In a working paper published by the National Bureau of Economic Research, “Correcting Perceived Social Distancing Norms to Combat COVID-19”, Yang et al assert that informing people of high rates of community support for social distancing can encourage them to do more of it when COVID-19 cases are high.
When first asked, the Mozambican study population underestimated the rate of community support for social distancing, believing support to be only 69%, while the true share was 98%.
Informing people of the high rates of community support can have an ambiguous effect on social distancing, depending on which effect dominates: a “perceived-infectiousness effect” -- that the disease is more infectious than previously thought -- or a “free-riding effect” -- when individuals realize that others’ good behavior gives them less private gain from social distancing themselves.
The “social norm correction” treatment, informing people of true high rates of community support for social distancing, was randomly assigned. The research team then measured respondents’ social distancing behavior, using self-reporting as well as asking others in the community about the respondent.
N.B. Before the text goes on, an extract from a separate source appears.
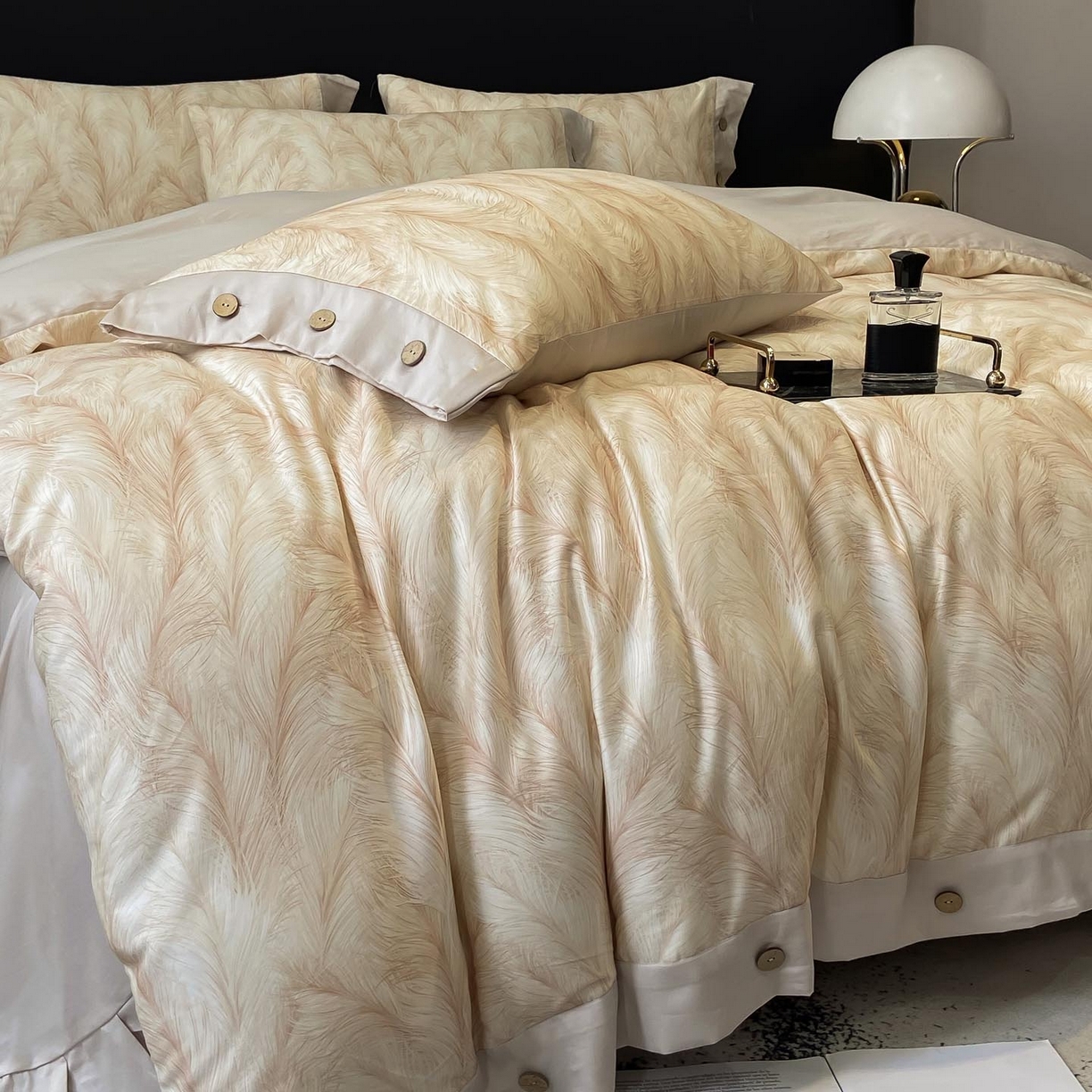 91家纺网 家纺一手货源 找家纺 慕希家纺 2025新款全棉纯棉轻奢加厚磨毛纽扣款四件套 云裳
The methodology was novel in two ways. “Most prior studies ask respondents to self-report their social distancing behavior. When we do so, 95% claim to be social distancing, though we suspected that this is an optimistic overestimate,” says Allen “So our first improvement is to also ask respondents to self-report several specific social distancing actions, and our second improvement was to ask study respondents to report on their social interactions with each other. By these measures, the actual share observing social distancing was just 8%.”
The study shows that the impact of the treatment differed across localities with different disease prevalence: “where COVID-19 caseloads are high (where the perceived-infectiousness effect dominates) treatment increases social distancing, but it decreases where caseloads are low (where free-riding dominates).”
The research also looked at randomized local-leader endorsements of social distancing and found the interventions to be ineffective.
Yang concludes, “As COVID-19 case loads continue to rise, interventions like our ‘social norm correction’ treatment should help promote social distancing.” He continues, “And beyond COVID-19, our findings suggest that similar public health messaging about social norms of support for preventive measures may help in the fight against other infectious diseases.”
The research, in the Beira region of central Mozambique, was conducted over the phone between July and November 2020. The paper’s other authors include Arlete Mahumane, James Riddell IV, Tanya Rosenblat, and Hang Yu.